Dive computer is recommended. The depth range (3 to 22 metres) and the potential for rapid depth changes between the caves and the bay mean that a computer makes multi-level profile tracking significantly easier than relying on tables or a timer.
Surface marker buoy is worth carrying, particularly if current picks up while you are on the outer boulders. For boat pickups on the east coast, where boat traffic is lighter and your captain may be watching multiple groups, a visible SMB makes collection faster.
For photography, this is primarily a wide-angle site. The caves, light shafts, and boulder formations are the main subjects and they need a wide lens to capture properly. A fisheye or rectilinear wide-angle in the 10 to 16mm equivalent range works best. Macro shooters will find subjects in the bay section, but the caves section is where Laem Thian's real photographic potential sits. A video light helps fill shadows in the caverns and shows the true colours of the coral and sponge growth on the rock surfaces.
Gloves are prohibited at Thai dive sites. Reef hooks are not used on Koh Tao.

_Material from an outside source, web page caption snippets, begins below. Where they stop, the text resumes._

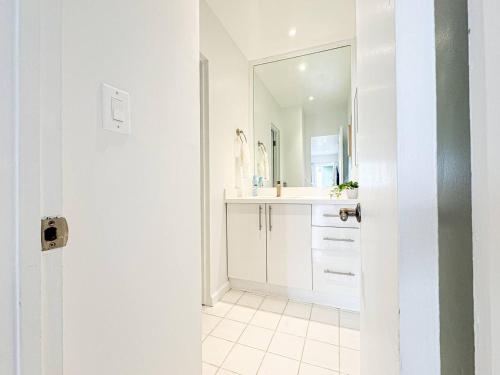 Photo #3 of Serene 1-BR Haven Near Ocean Views - VE4-VE in Marina del Rey, CA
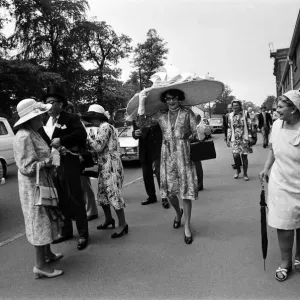 Royal Ascot Print: Dame Edna Everage in a five-foot wide white lace hat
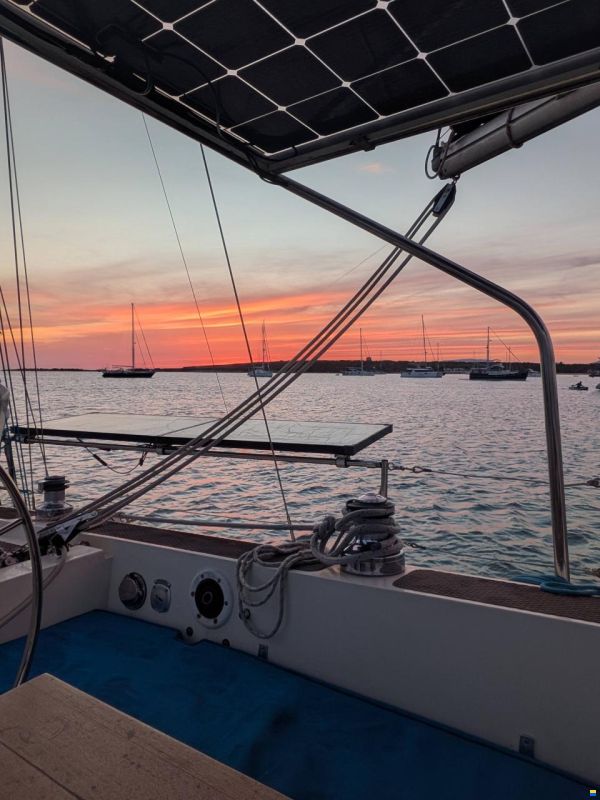 Oyster Mariner 35 Ketch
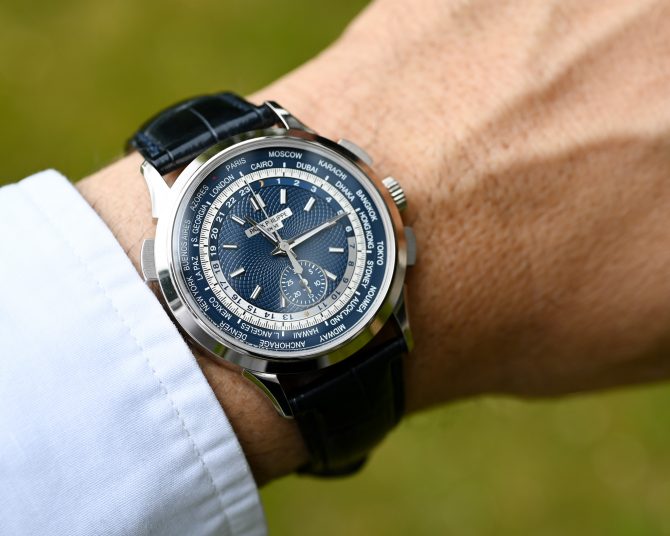 Patek Philippe Worldtime / Chrono 5930G-001 – Bild 13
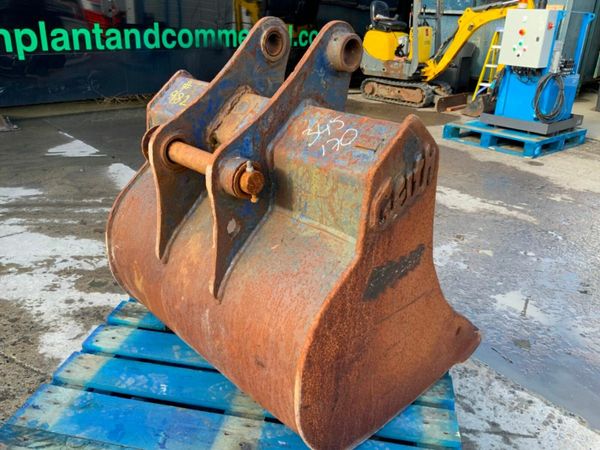 30" GEITH DIGGING BUCKET....45mm PINS....982-30. 377211368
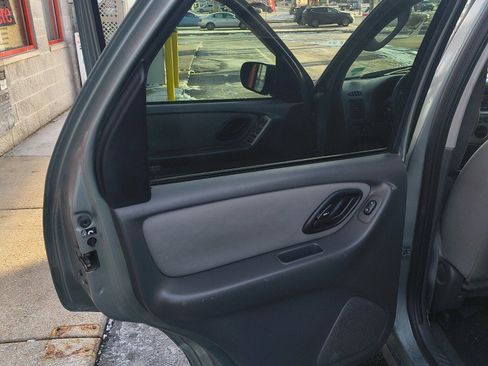 Used 2005 Ford Escape XLT image 19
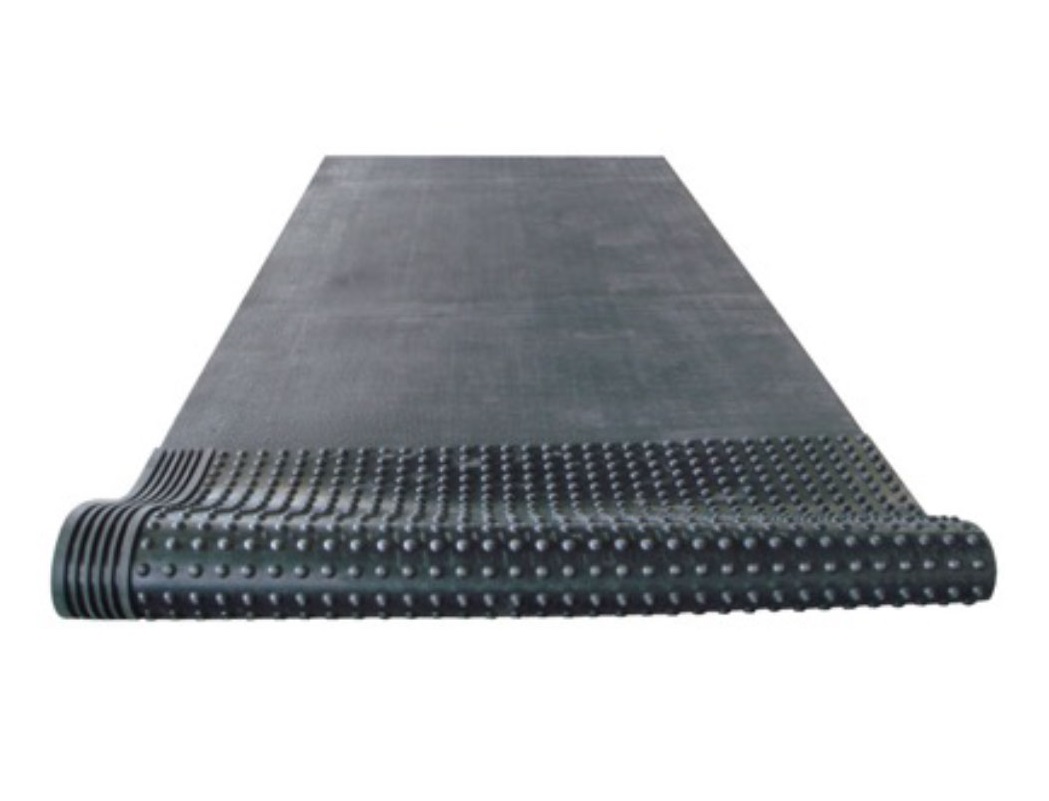 DAIRY-FARM-STUD-ROLL-RUBBER-MATTING-4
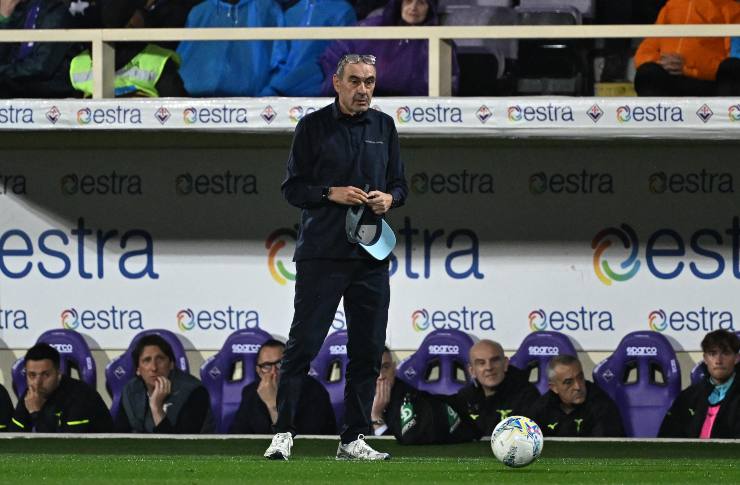 Maurizio Sarri mentre osserva la deludente prestazione della sua squadra a Firenze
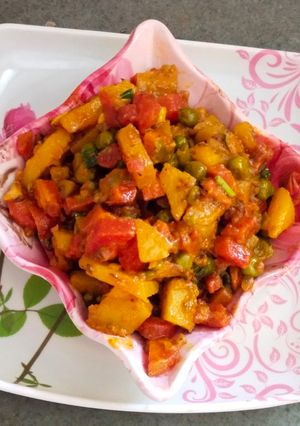 आलू,मटर,गाजर की सब्जी (Aloo matar gajar ki sabzi recipe in hindi) रेसिपी मुख्य फोटो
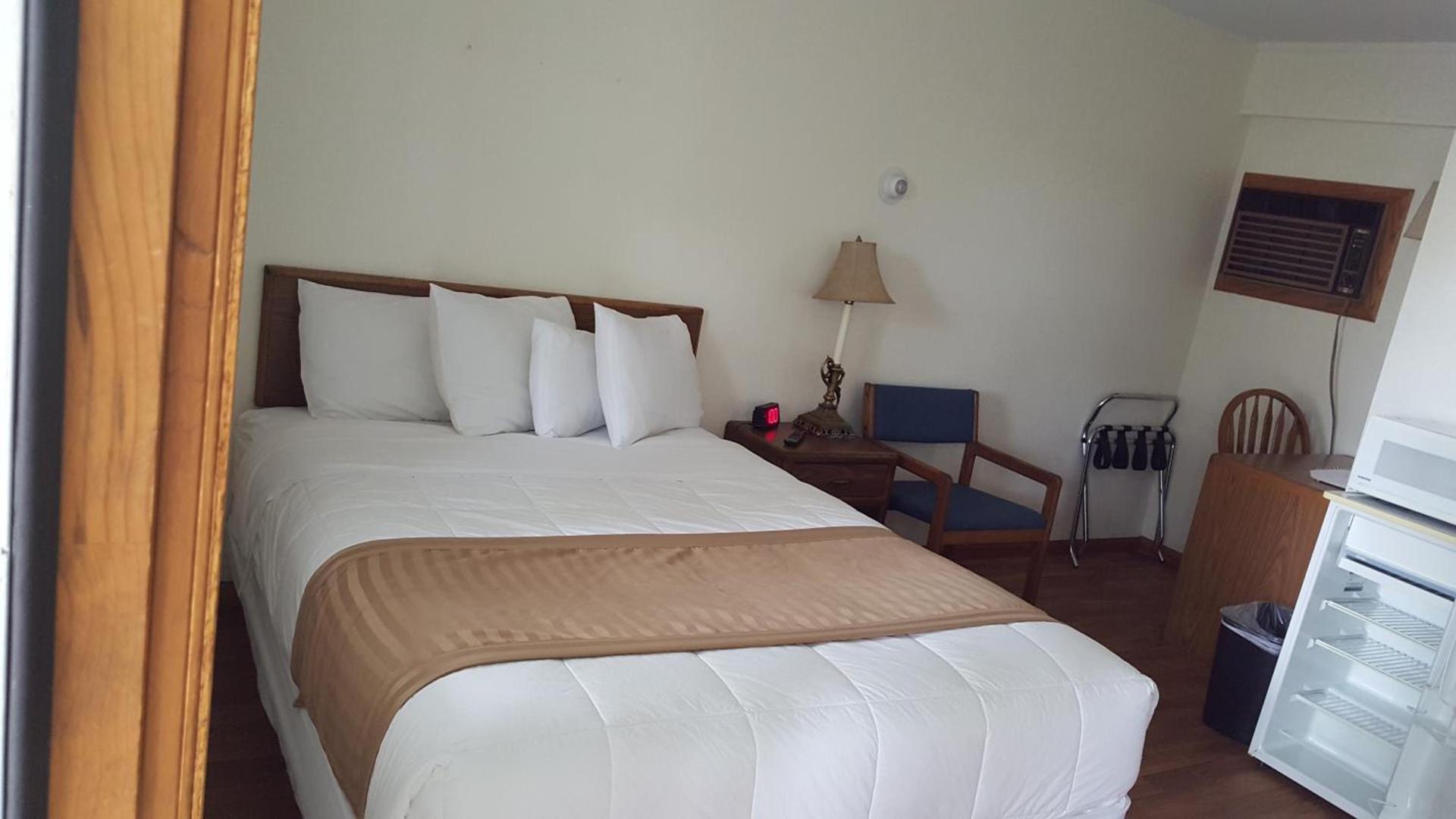 Budget Host Inn photo 9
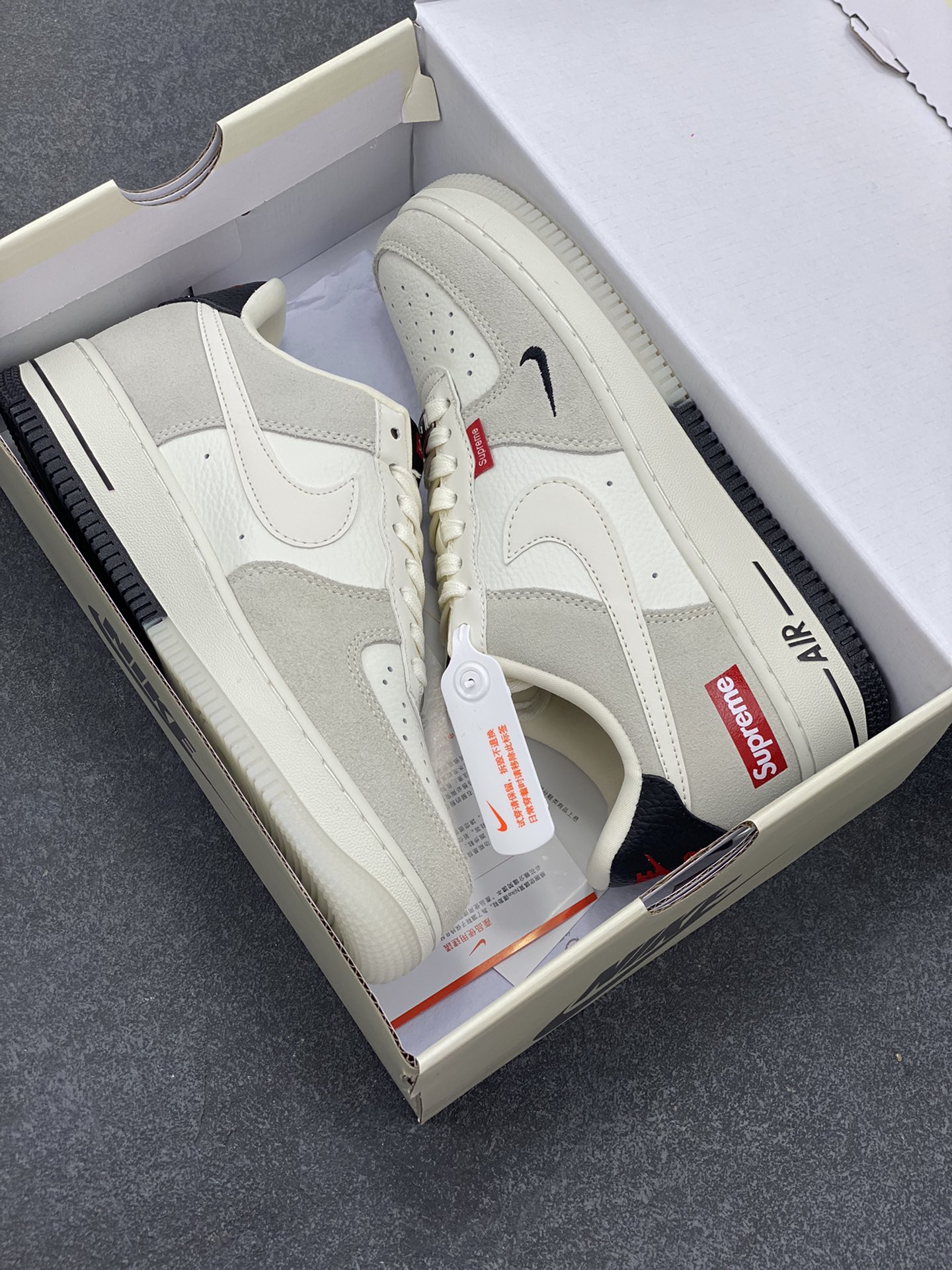 图片[9]-NIke Air Force 1 \’07 Low “Supreme联名–米灰织布标”空军一号 低帮 运动鞋 休闲鞋 折边针车 工艺难度大 原楦头原纸板 原装鞋盒 定制五金配件 内置全掌气垫 原厂鞋底 货号：CH6336-517 尺码：36 36.5 37.5 38 38.5 39 40 40.5 41 42 42.5 43 44 44.5 45-选品中心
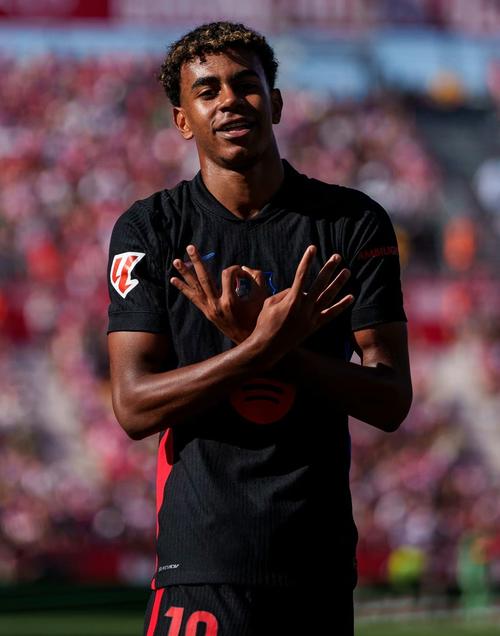 曼联高层对阿莫林分歧曝光，两人力挺两人质疑！12月战绩或定未来（曼联管理层对阿莫林意见分化：两人力挺两人存疑，12月表现或成去留关键）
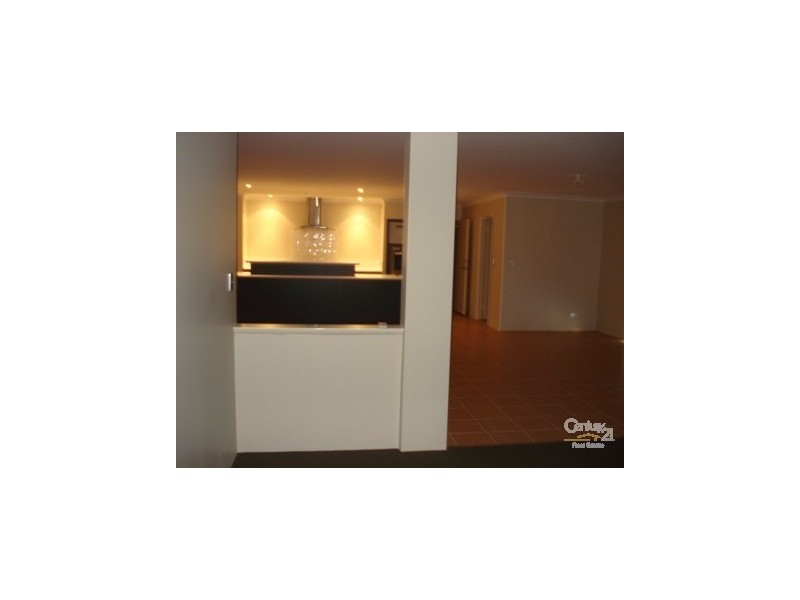 30 Senecio Way HALLS HEAD, Mandurah WA 6210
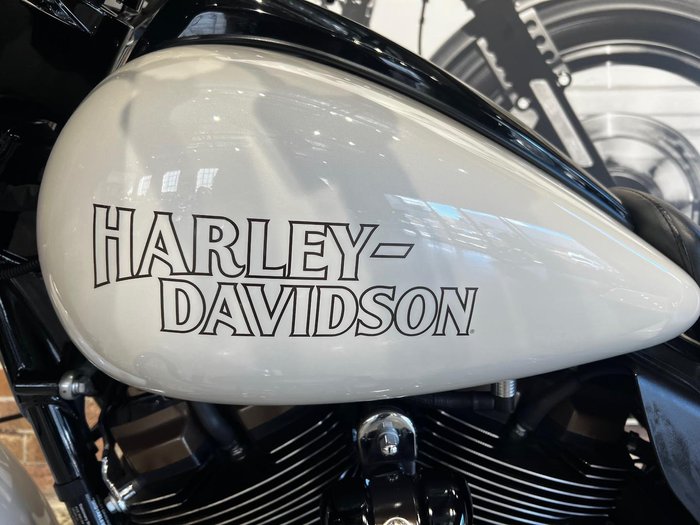 2023 Harley-Davidson Street Glide ST 117 (FLHXST) Touring White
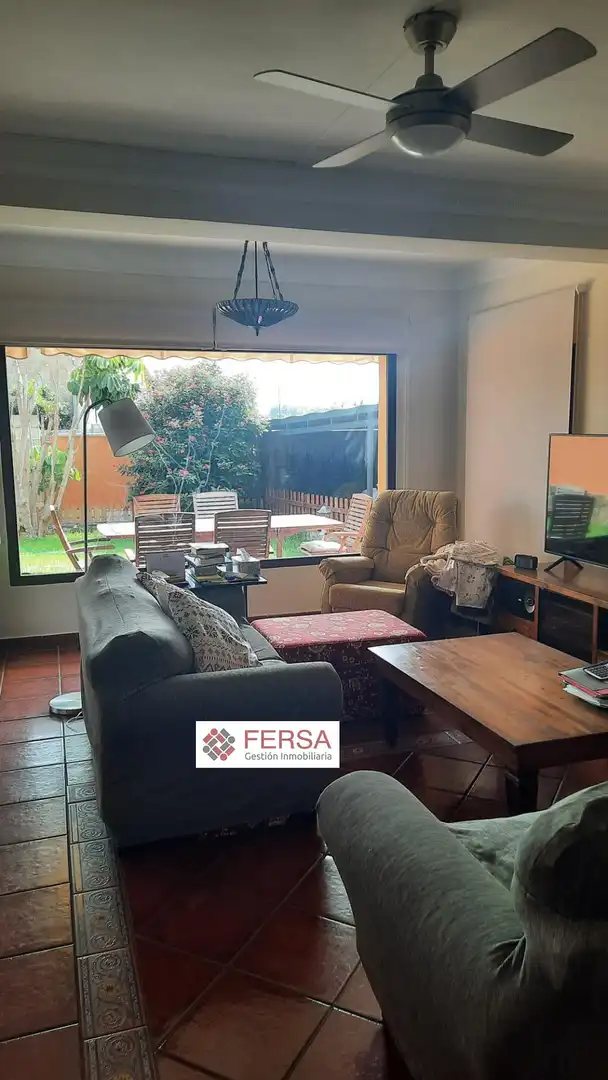 Sala d'estar de Casa adosada en venda en El Puerto de Santa María amb Aire condicionat, Calefacció i Jardí privat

Recommended Dive Operators
Big Blue Diving includes Laem Thian in their east coast rotation, typically scheduling it as the second dive on morning trips to Shark Island or Hin Wong Pinnacle. Their guides know the caves section thoroughly and brief each swimthrough before the dive, including hand signals for the route through. Based in Sairee Beach with a large boat fleet. Crystal Dive is one of Koh Tao's biggest PADI centres and runs trips to the east coast regularly, including Laem Thian when conditions and demand align. Their fun dive guides route mixed-ability groups efficiently, splitting the bay and caves sections based on certification level. New Heaven Dive School has particular knowledge of the east coast sites through their coral conservation work. Their guides can explain the reef ecology in detail, pointing out species interactions and coral recovery patterns that add a dimension beyond standard site guiding. Based in Chalok Bay on the south coast, they have a shorter boat ride to Laem Thian than operators running from Mae Haad. Coral Grand Divers operates from Mae Haad with regular east coast trips. Ask specifically for Laem Thian when booking; they are more likely to schedule it if a few divers request it rather than defaulting to the standard sites. Their briefings are detailed and include route suggestions for both sections.
Liveaboard Options
Koh Tao is a shore-based destination and no liveaboards operate specifically around the island. A small number of Gulf of Thailand liveaboard itineraries pass through the area between Chumphon and Ang Thong Marine Park, but Laem Thian would not typically feature on these routes. The offshore pinnacles (Chumphon Pinnacle, Southwest Pinnacles, Sail Rock) are the sites that liveaboards prioritise when they include Koh Tao in their schedule. For visiting divers, staying on Koh Tao and diving Laem Thian by day boat is the only practical approach.